Ivan Oransky: Two-thirds of retractions are for something that we would likely agree is misconduct. … What this says to us is that peer review — the practice where peers, other experts, are supposed to review studies before they’re published … isn’t really catching all these problems.

The bigger issue is that so many papers that should be retracted in fact aren’t being retracted. The thousands of retractions are still somewhere between one in 500 or one in 1,000 papers being published every year. I think it’s important to say that (an article retraction) is still a pretty rare event.

LR: What does the retraction process generally look like?

Liz Suelzer: There’s a lot of people who need to be involved. You’ve got the editors and the publishers, people at the institution where the research was conducted and review boards. … Any institution that’s getting federal funding, from the National Institutes of Health or the federal government, they need to have in place a process to review any misconduct. And this process can take months to a year to happen. You’ve got a lot of people involved and looking at the data.

LR: If a researcher publishes and cites a retracted article, does that author get notified of the retraction? How does this influence other research?

LS: A lot of researchers use a citation manager to store the documents that they’re finding online. And if you use a citation manager, like EndNote or Zotero … they’re actually linked to Retraction Watch. Every time you open up (a research paper in these managers), they call out to Retraction Watch and ask if anything in your library has been retracted.

LR: Are we to be reassured by the increase in research papers being retracted? Or is this a cause for concern?

IO: I think much, if not all, of the recent rise is due to better screening, in other words, people actually looking for problems. It’s not great that misconduct or errors happen. About 20 percent of these are due to honest errors.

But I think there’s been a dramatic rise in retraction over the past few years because of something called paper mills. They actually sell papers to authors and researchers who are under tremendous pressure. “Publish or perish” is a very real thing. For some (academics), it’s an economically good decision to buy a paper instead of doing the research themselves. Or, buy authorship on papers that have already been accepted (for publication).

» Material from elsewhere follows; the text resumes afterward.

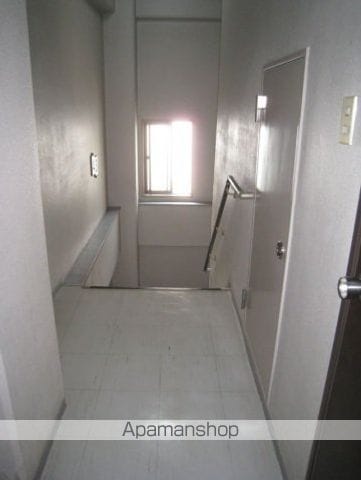 ヤスダビル新館の内装写真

The incentive structure that researchers are laboring under is pretty intense. We should be somewhat reassured that journals, universities and government agencies are starting to take this much more seriously.

Decoupling tenure, promotion and careers from publishing in certain journals or any journal would really do a lot. Some journals are hiring research integrity managers — staff to look at these issues when they come up or before they come up. That’s a good step.

LR: Are retractions more common in some fields of study than others?

IO: Not all fields are taking this issue seriously. … If it’s a mature field actually trying to do the right thing, (misconduct prompts) a deeper look to make sure that the work and what is published and cited is as trustworthy as possible.

If you look at fields like social psychology … there seem to be more retractions but that’s probably because they’re looking for problems. Same thing was with anesthesiology. It’s a field that punches above their weight in terms of retractions. Cancer biology is another one, because they’ve actually started looking. If anything, we should trust those fields more.

LR: Retraction Watch reported on a physician formerly affiliated with the UW School of Medicine and Public Health who coauthored a paper about a hospital protocol to radically reduce deaths from COVID-19. Sounds good, but that paper ultimately had to be retracted. What are some of the consequences that researchers face after a retraction?

IO: A lot of people who’ve had a lot of retractions are no longer working in science. You can actually be sanctioned, in terms of losing the ability to get federal funding or your federal funding has to be supervised. Those are the rare cases, though. … In fact, they’re quite the opposite. We just don’t have as much vigilance and policing as we should. That being said, when there’s a major case, often the fact that the press reports on it can pressure the relevant people to do the right thing.